Liberating farmers from the clutches of middlemen may sound very noble. But it does not imply that farmers will be able to sell their produce directly to final consumers at reasonable prices. Rather, bigger players—big retailers and wholesalers-- will enter the scene in a big way, capturing the entire network of trade and gobbling up the resource-poor intermediaries as well as exploiting the farmers. Big fish eating up small fry.

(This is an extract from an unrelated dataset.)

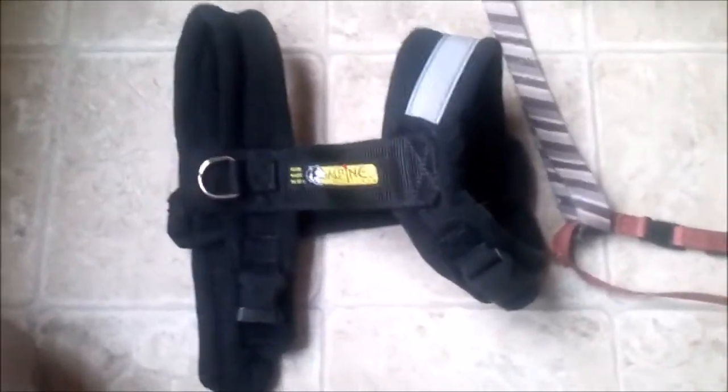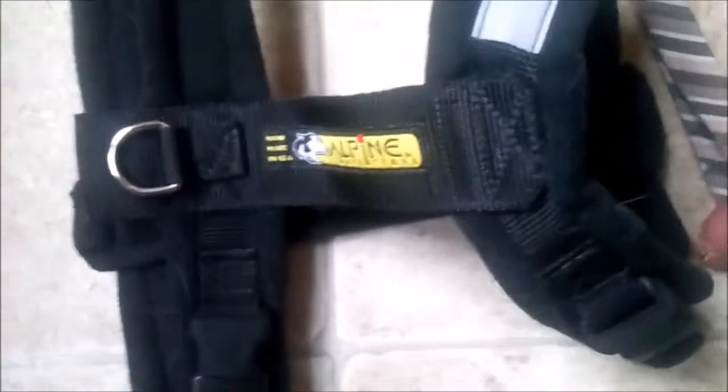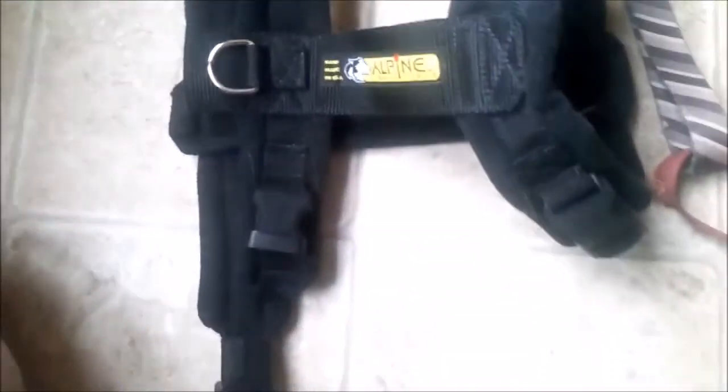Earlier this week I picked up a harness from Alpine Outfitters — it's their Urban harness. I actually found it in their garage sale section; it's a discontinued model. It does have the adjustable neck strap, and with the black it's kind of hard to see, but it's got an adjustable buckle on the neck strap, and the body strap is adjustable as well.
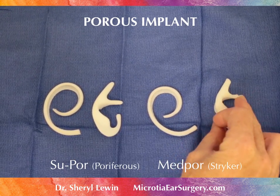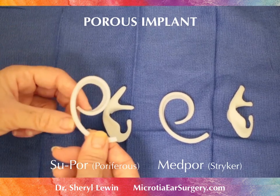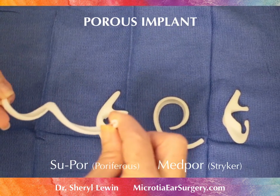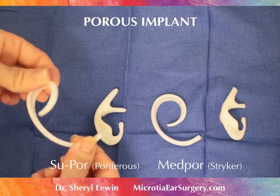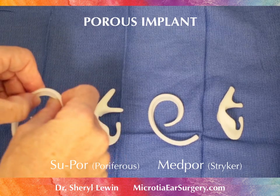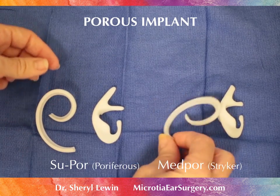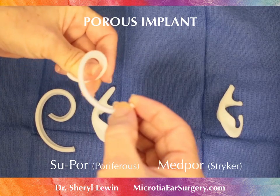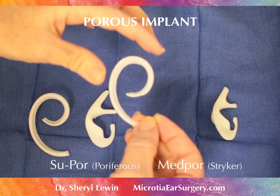In addition, what you might notice is that the SUPOR rim is very flexible. You can twist it completely, and it can hold a shape and be manipulated so that you can create and sculpt this rim. The MEDPOR implant, although it can twist, is restricted, and if you twist more, it might fracture.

What is distressing for the Modi government, however, is the fact that farmers' organisations, which are conscious of their self-interest, are waking up to the disaster that are looming large. They are opposing the bills for good reasons. A minister of the Modi cabinet, Harshimrat Kaur Badal of the Shiromani Akali Dal, a long time ally of Bharatiya Janata Party, has thought it prudent to resign in the face of farmers' protests and the uncertain position of the JPP, which is dependent on farmers' support for its existence, has put the stability of the present Haryana cabinet also in jeopardy. It is not that protests will remain confined to Punjab and Haryana, the two major wheat-growing states of the country. So, coming days are sure to witness many eruptions here and there on this issue. Calling dissenters gaddars (betrayers) and exhorting Modi loyalists to shoot them down may now backfire, because it is well-nigh impossible to communalise the issue despite the best efforts of the Modi-Shah combine.

Reactionaries lift stones to throw at their own feet. Modi's Hindutva has fairly succeeded in dividing the Indian society on communal lines and prepared the social basis of slaughter of Muslims. But now this will no longer come handy. The opium of Hindutva will not be able to blunt the edge of farmers' anger.

At the fag end of 2020 the peasant question returns with a big question mark. Modi's sell-out policy has opened space for the left for organising peasant masses in their thousands across the country, by uniting even the large farmers. In the yester years communists succeeded in making their presence felt in Indian polity by mobilising peasant masses on the slogan of 'land to the tillers'. And now a stage has arrived when small and marginal farmers, who hold small parcels of land, will be totally deprived of their holdings due to introduction of contract farming. It remains to be seen whether the left in its entirety can rise to the occasion, to challenge Modi's obnoxious agricultural bills.